# Steel Inc



## Dabbler (Mar 2, 2017)

Steel Inc.
Address: Bay 3, 3260, 46 Ave, SE, Calgary

Hours:
Mon-Sat 8 am to 5 pm
Closed on long weekends and Stat Holidays

Phone:  587-349-4766
Email: jmbasnett@steel-incorporated.com

As At March 1, 2017
                                           Steel Inc    Federal
20' - 4" X 2" X .125  tube   125.20       136.40
20' - 1" X 1" X .125 angle    15.80         13.60


----------



## Janger (Mar 4, 2017)

Just a little more and it's clean and not rusty. Works for me. And they're open sat.


----------



## CalgaryPT (Jun 14, 2017)

Was up buying 170 feet of angle and tubing yesterday. The owner tells me he's looking for a bigger place with more parking. I love it when local business do well. Good for him.


----------



## UboatCmdr (Jul 7, 2017)

Just got 250' of tubing delivered for an offroad trailer. Great stuff from James as always


----------



## CalgaryPT (Jul 7, 2017)

Pics of the build would be sweet!


----------



## UboatCmdr (Jul 7, 2017)

I'm planning on starting a build thread on some other forums. I'll make sure to post it here too! 

I'll probably post photos on Instagram before they hit any forums. Go follow me  @boulderoutdoorproducts


----------



## CalgaryPT (Jul 7, 2017)

I so have shop envy. I can't imagine having enough room to build one of these.
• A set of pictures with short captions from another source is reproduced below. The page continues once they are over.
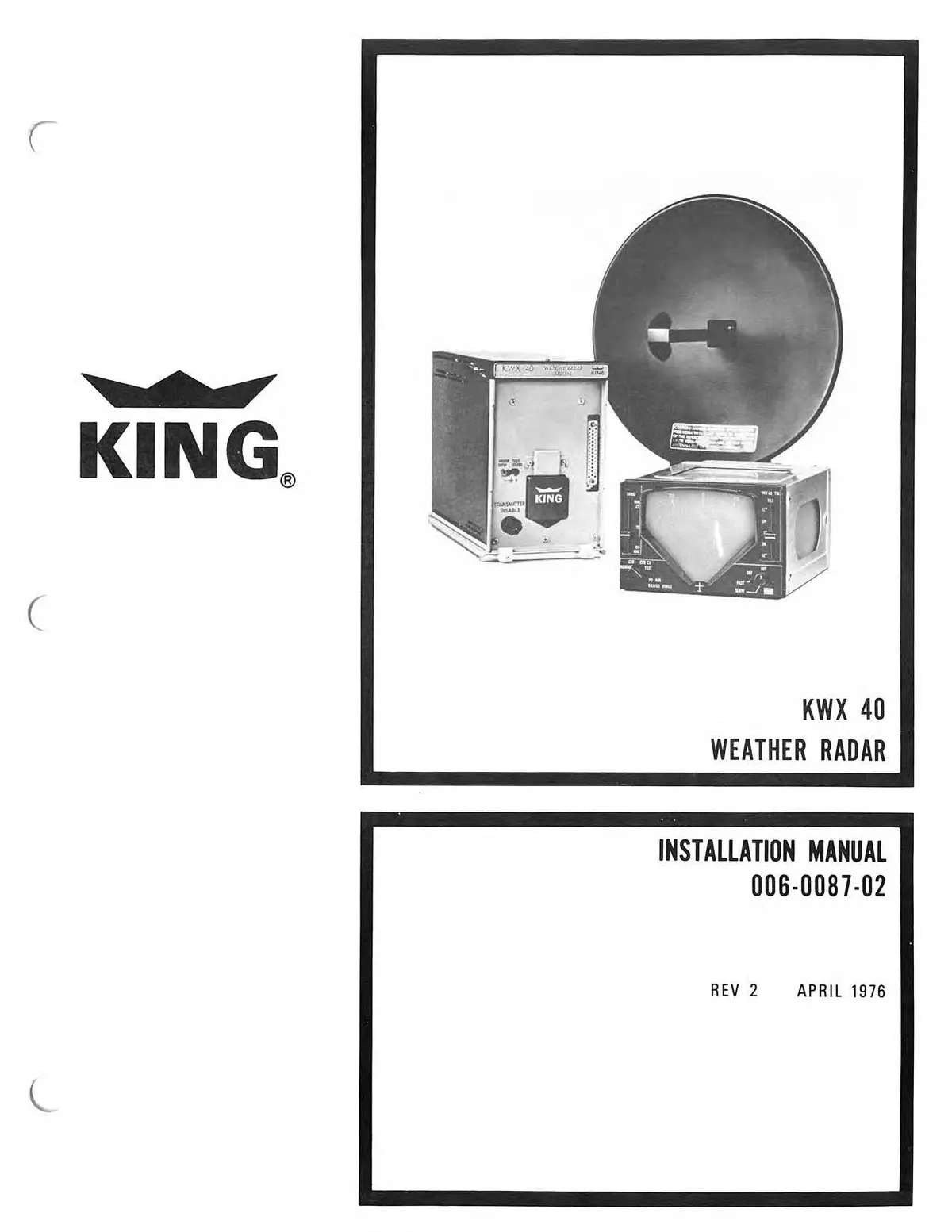 King Kwx 40 Installation, Maintenance, Overhaul 006-5087-01 1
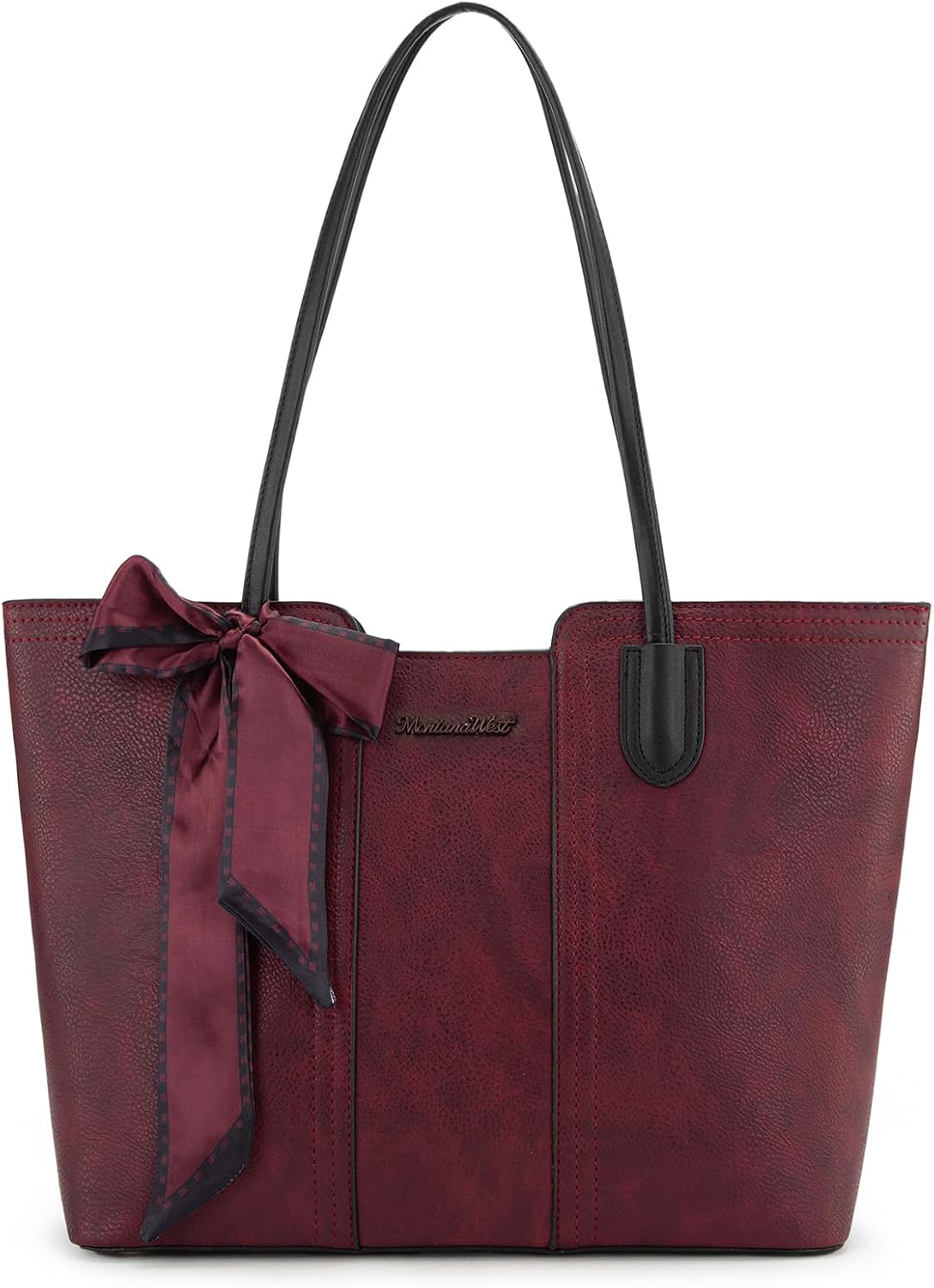BOLSO TOTE MONTANA WEST DAHILA ROJO CON BUFANDA - 1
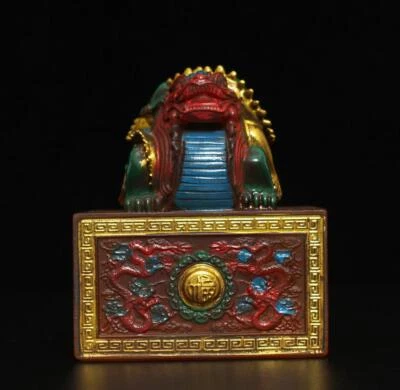 Signed Old Chinese Coloured Glaze Seal Stamp Statue w/dragon 1250g
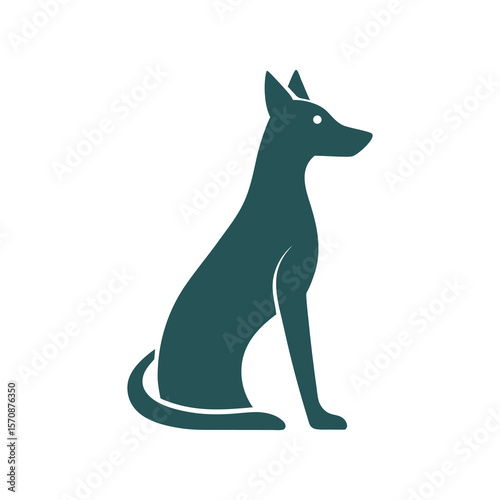Dog sitting silhouette in minimalist vector style for pet care and friendly animal icon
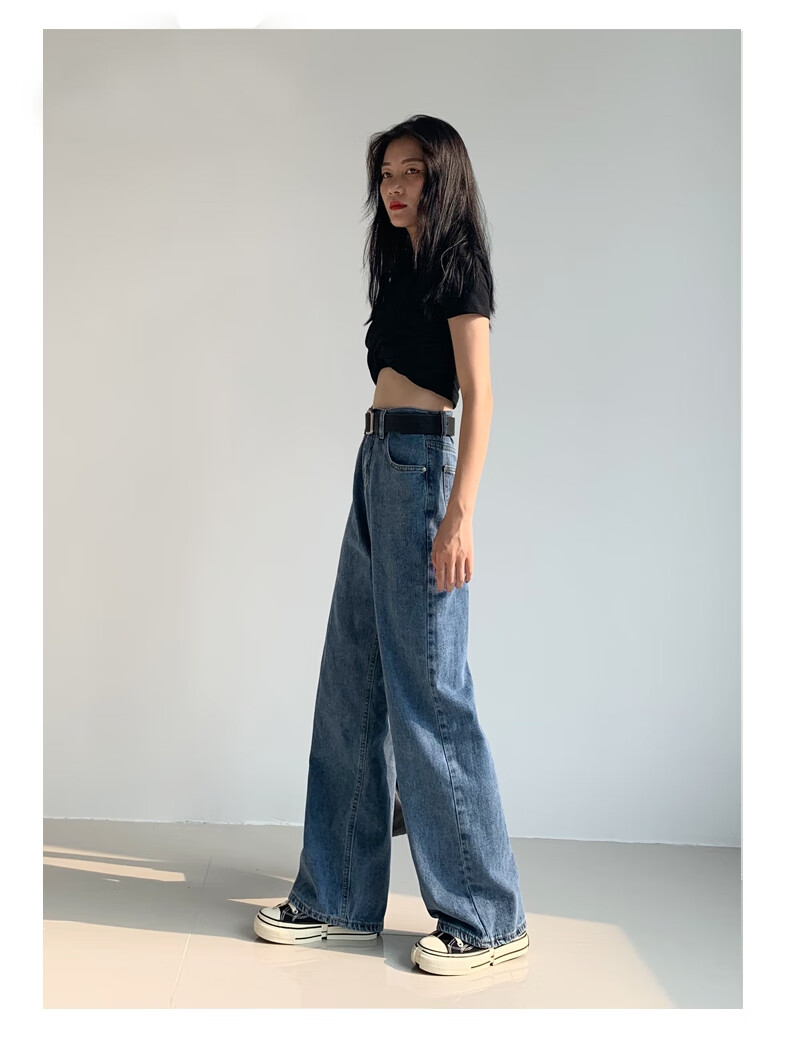 泫雅宽松牛仔裤女2019秋冬季高腰显瘦cec直筒垂感拖地阔腿长裤子 常规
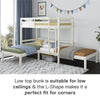 Casey Kids' L-Shaped Corner Triple Bunk Bed - White - Twin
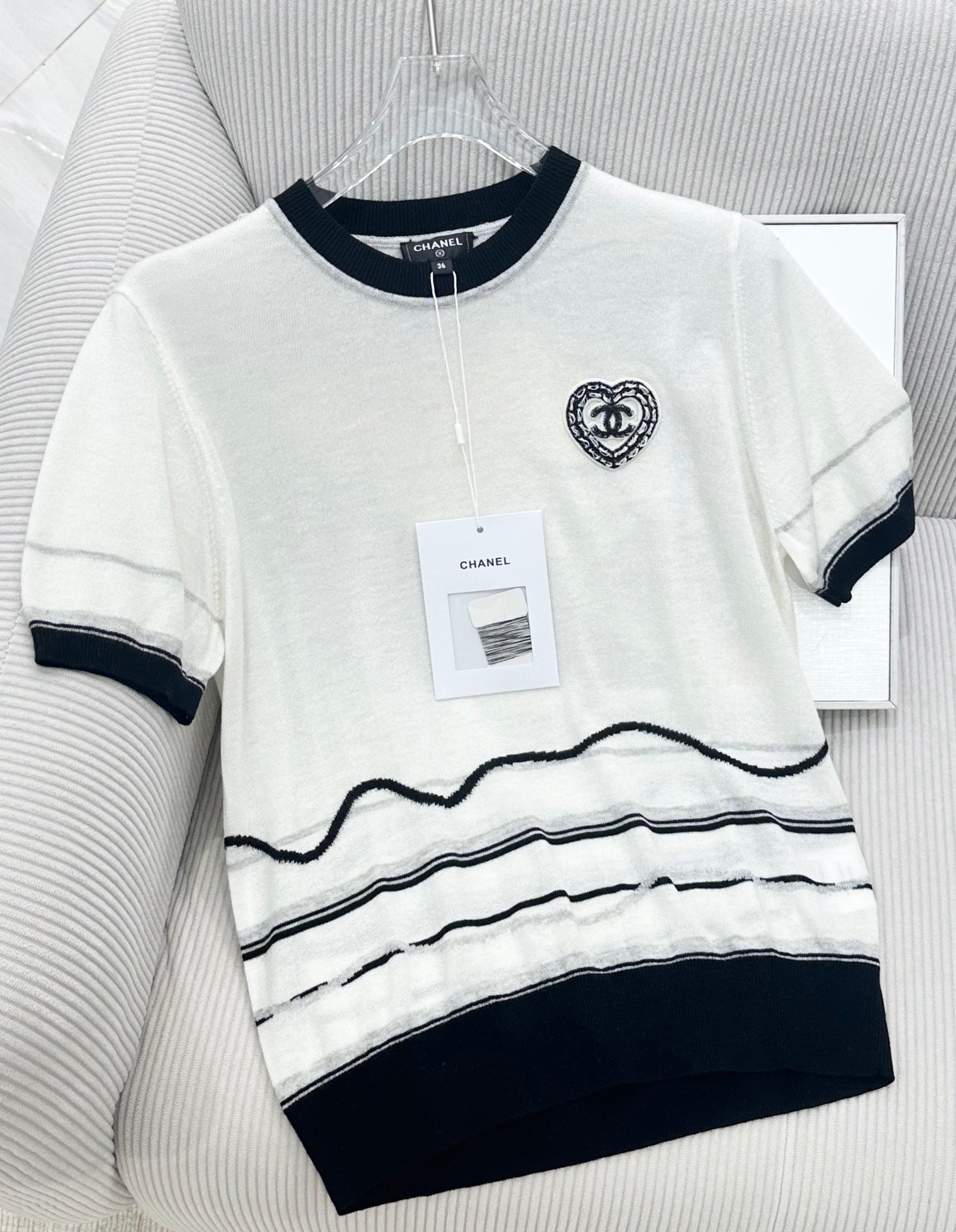 CC 26s Knit Short-Sleeve Top White Black Wool 415508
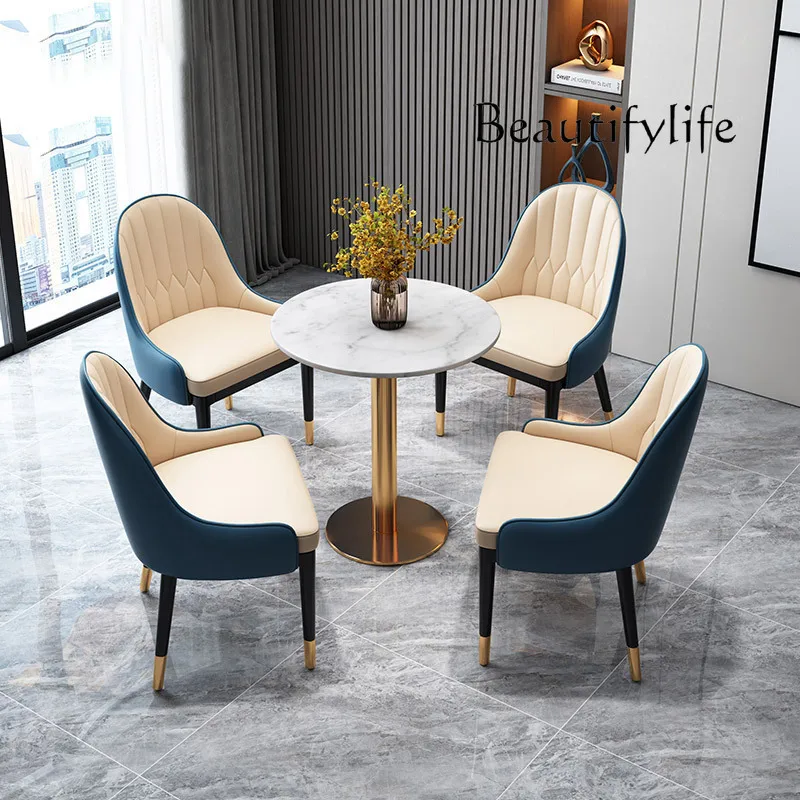 Nordic light luxury modern simplicity one table four chairs hotel negotiation reception negotiation table and chair combination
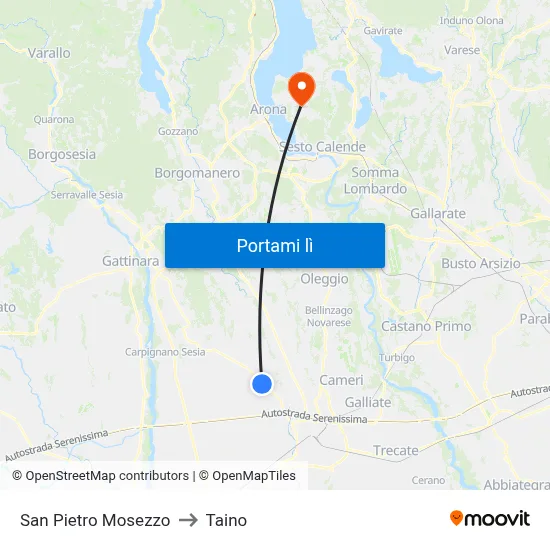 San Pietro Mosezzo to Taino map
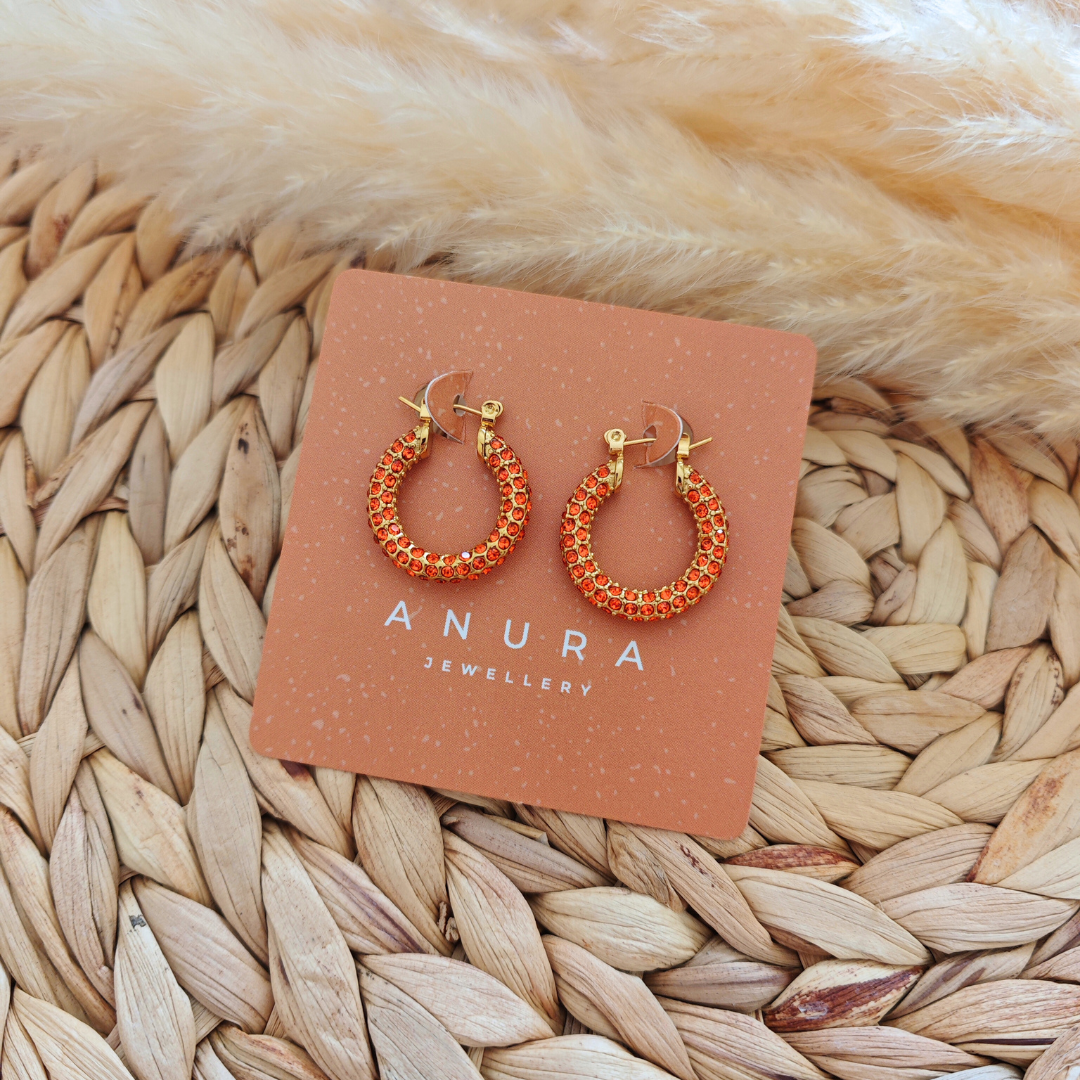 Orange Bling Hoops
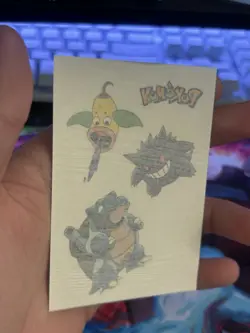 2000 MERLIN POKEMON TATTOOS WITH COATING #6 BLASTOISE & GENGAR &WEEPINBELL MP - Image 3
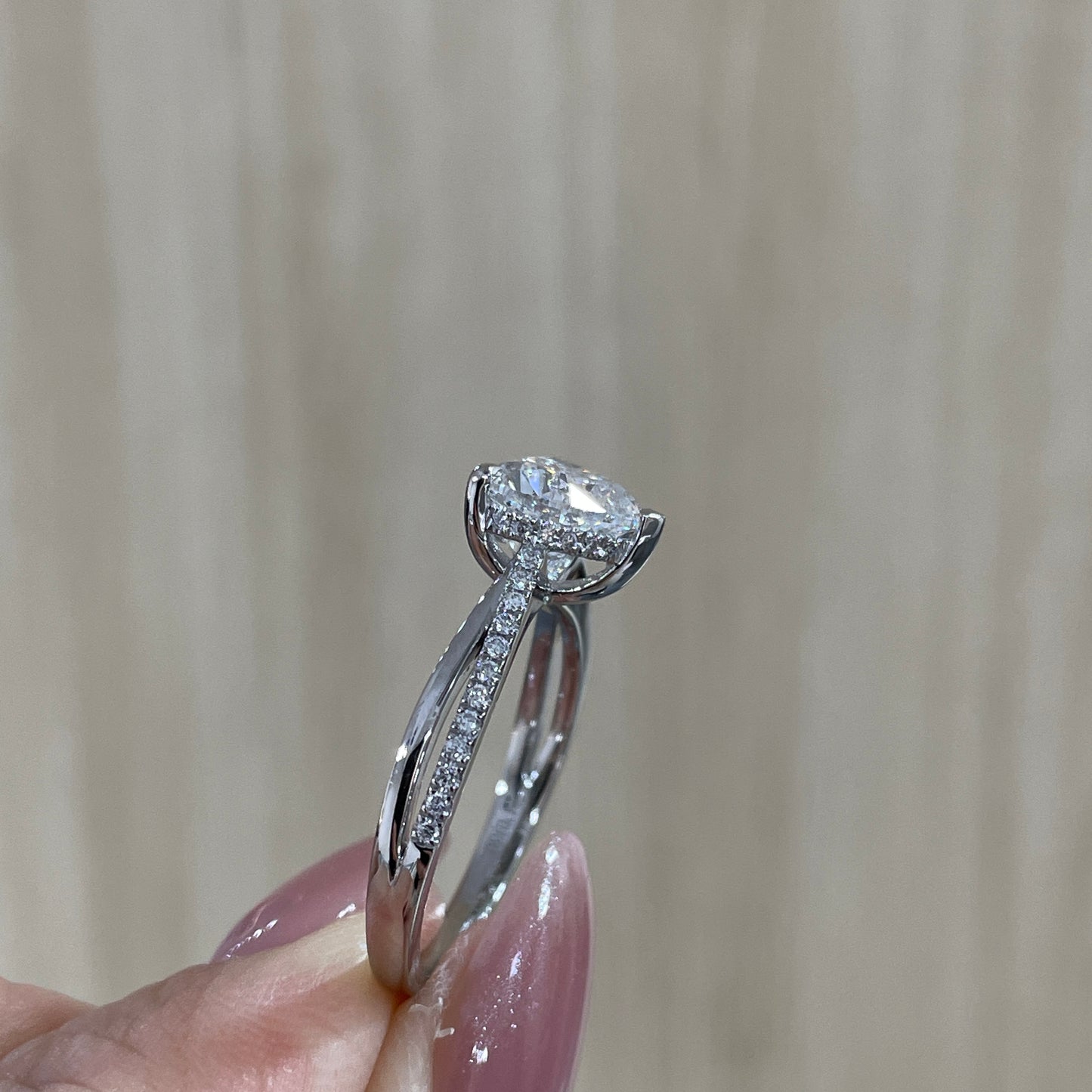 IGI Lab diamond heart shape 2ct three-prong underhalo criss cross pave band ring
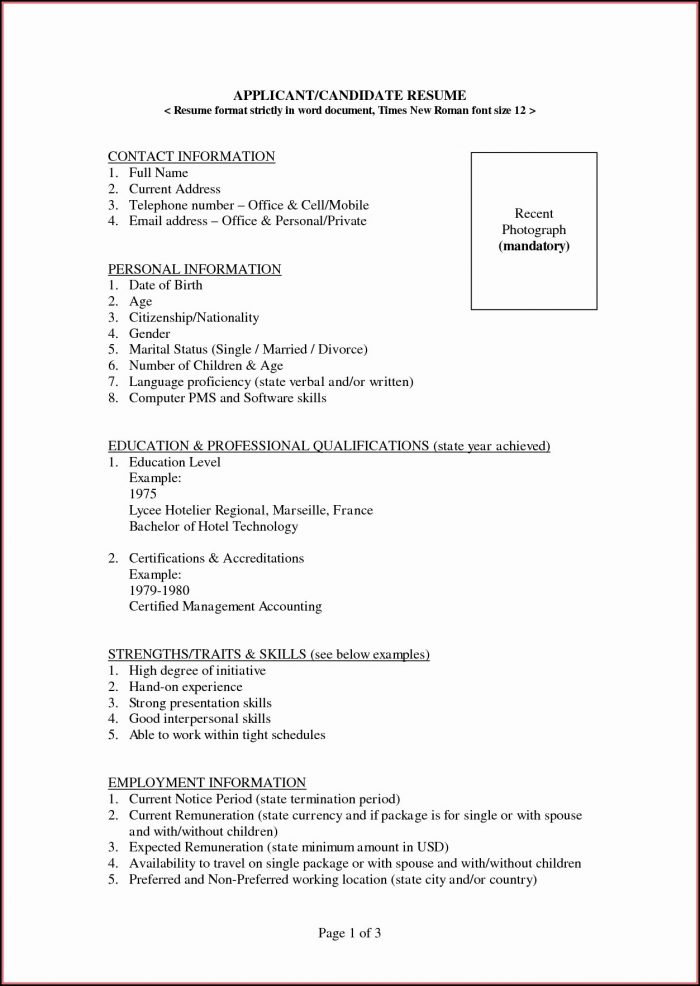 Free Sample Resume Format In Word Document Free Sample Resume Format In Word Document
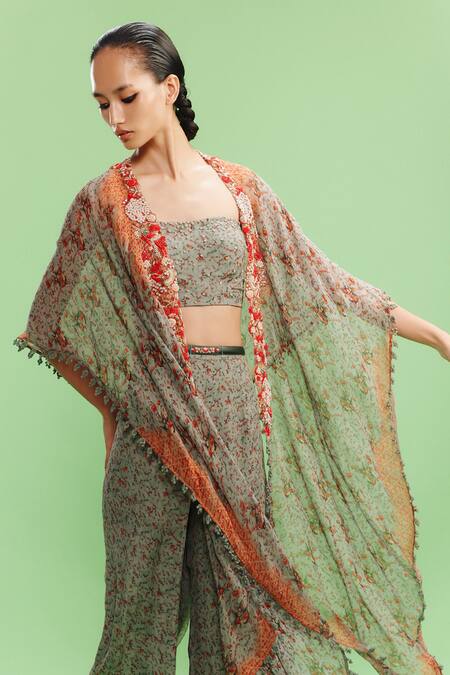 Buy_Dolly J_Green Chiffon Embroidery Square Neck Jazz Ditsy Fleur Print Cape Sharara Set _Online_at_Aza_Fashions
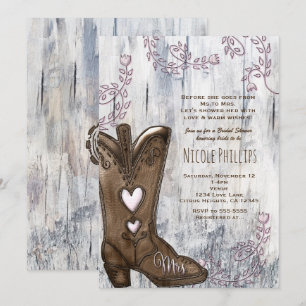 Pink Heart Cowgirl MRS Cowgirl Boots Brautparty Einladung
Just turning around without banging into something is a reach in fact.

Nice.


----------



## UboatCmdr (Jul 8, 2017)

Here's a photo of the full shop before I starting filling it up.  3 phase power too!

Thanks  haha, yeah I needed a warehouse/showroom for my company, so I made sure to go a little bit bigger so I could move all my fab tools here from the small 2 car garage at home


----------



## CalgaryPT (Jul 10, 2017)

I liked this too because it was uploaded sideways like all my pics. I have no idea why this happens, but relate to anyone who has the same problem as me and my iPhone.

Our struggle is real...just misunderstood (by 90 degrees).



Darn,,,I want your shop space @Uboatcndr


----------